Publications by Year: 2002

2002

Kuperberg, G., Kerwin, R., & Murray, R. (2002). Developments in the pharmacological treatment of schizophrenia. Expert Opinion on Investigational Drugs, 11(10), 1335-1341.

Schizophrenia is, at once, a biological disease, a neuropsychological disorder and a dysfunction of social interactions. This presents clinicians with a series of problems with regards to therapy. In the first section of this article, some of the clinical challenges that face those attempting to develop new drugs, are summarised. Several potential pharmacological therapeutic targets that have been, and are continuing to be used, in the development of new antipsychotic drugs, are then considered. This is followed by an outline of the pharmacological and clinical profiles of some of the newer generation antipsychotics, as well as investigational drugs in the pipeline for schizophrenia. Finally, the implications of the introduction of these new drugs for the management of schizophrenia, are discussed.

Sitnikova, T., Salisbury, D. F., Kuperberg, G., & Holcomb, P. J. (2002). Electrophysiological insights into language processing in schizophrenia. Psychophysiology, 39(6), 851-860.

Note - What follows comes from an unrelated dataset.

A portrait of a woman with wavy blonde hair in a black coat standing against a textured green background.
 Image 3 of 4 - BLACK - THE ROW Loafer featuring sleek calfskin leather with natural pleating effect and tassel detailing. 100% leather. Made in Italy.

Deficits in language comprehension in schizophrenia were examined using event-related potentials (ERPs). Schizophrenic and healthy participants read sentences in which the first clause ended with a homograph, and the second clause started with a target word that was semantically related to the homograph’s dominant meaning (e.g., 1. Diving was forbidden from the bridge because the river had rocks in it. or 2. The guests played bridge because the river had rocks in it.). Processing of the targets (e.g., “river”) was expected to be primarily influenced by the preceding overall sentence context (congruent in 1; incongruent in 2) in healthy participants, but to be inappropriately affected by the dominant meaning of homographs (e.g., the “structure” meaning of “bridge”) in sentences like 2 in schizophrenic patients. The N400 ERP component that is known to be sensitive to contextual effects during language processing confirmed these predictions. This showed that language abnormalities in schizophrenia may be related to deficient processing of context-irrelevant semantic representations of words from the discourse.